Arginine or histidine can be found at corresponding positions to 360 in the +1 subsite of fructansucrases, respectively. These residues form hydrogen bonds with the 2- and 3-OH groups of the glucosyl-moiety (Fig. 1, right panel). Mutations at this position reduce the rate of formation of the covalent intermediate fructosyl-enzyme leaving the hydrolyzing activity unaffected and favoring the synthesis of kestose.[4]

2 New data collected from laboratory experiments

Improve The CFU/μg of "strainer" Method with SacB Mutant

The results showed that the editing efficiency of SacB_S164T mutant (in EC85) is 25% higher than the control without “strainer” system. The CFU/μg of SacB_S164T mutant (in EC85) increased 3-fold compared to the original “strainer” system while still keep high editing efficiency (Fig. 2A).

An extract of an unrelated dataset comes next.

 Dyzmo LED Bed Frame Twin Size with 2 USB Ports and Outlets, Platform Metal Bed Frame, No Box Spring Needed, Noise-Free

We also used the same condition to test SacB_S164T mutant in EC88. The results showed that the editing efficiency using “strainer” system with SacB_S164T mutant is 4-fold higher than the control, although the CFU/μg of SacB_S164T mutant (in EC88) is still 71% lower than the control without “strainer” system (Fig. 2B). We also used the same condition to test SacB_S164T mutant in EC88. However, the results showed that the toxicity of the modified SacB protein was low, and the screening effect served by the lower concentration of sucrose chosen at this point was no longer obvious, so we further optimized the sucrose concentration and found that testing the mutants at 0.1% concentration conditions, the CFU/μg using the "strainer" system with the SacB_S164T mutant was 2-fold higher than the control, although the SacB_ S164T mutant (in EC88) still had a lower CFU/μg than the control without the "strainer" system.

These results showed that our strainer system works as a good purification system to remove the unedited cells, and SacB_S164T mutant is less toxicity than the original SacB.

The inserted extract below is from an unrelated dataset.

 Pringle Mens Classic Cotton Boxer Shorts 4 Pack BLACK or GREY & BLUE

Fig. 2. Improve the CFU/μg of “strainer” method with SacB mutant. (A) The CFU/μg and editing efficiency of the control group, SacB and SacB_S164T under 0.01% sucrose condition in EC85. (B) The CFU/μg and editing efficiency of the control group, SacB and SacB_S164T under 0.1% sucrose and 0.2% sucrose condition in EC88..

References

[1] Ortiz-Soto ME, Porras-Dominguez JR, Seibel J, Lopez-Munguia A. A close look at the structural features and reaction conditions that modulate the synthesis of low and high molecular weight fructans by levansucrases. Carbohydr Polym. 2019, 219: 130-142.

[2] Meng GY, Futterer K. Structural framework of fructosyl transfer in Bacillus subtilis levansucrase. Nat Struct Biol. 2003, 10 (11): 935-941.

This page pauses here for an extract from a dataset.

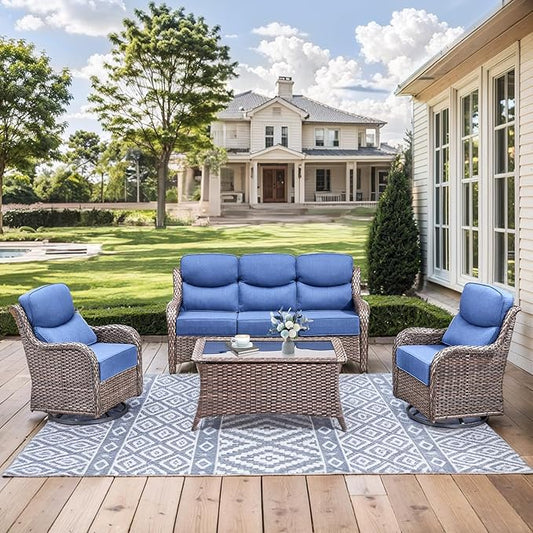 HUMMUH 6 inch Thick Cushion Wicker Patio Furniture Set with Outdoor Swivel Rocker Patio Chairs,High Back Outdoor Couch and Coffee Table for Porch Garden Deck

[3] Homann A, Biedendieck R, Gotze S, Jahn D, Seibel J. Insights into polymer versus oligosaccharide synthesis: mutagenesis and mechanistic studies of a novel levansucrase from Bacillus megaterium. Biochem J. 2007, 407: 189-198.

[4] Chambert R,Petitglatron MF. POLYMERASE AND HYDROLASE ACTIVITIES OF BACILLUS-SUBTILIS LEVANSUCRASE CAN BE SEPARATELY MODULATED BY SITE-DIRECTED MUTAGENESIS. Biochem J. 1991, 279: 35-41.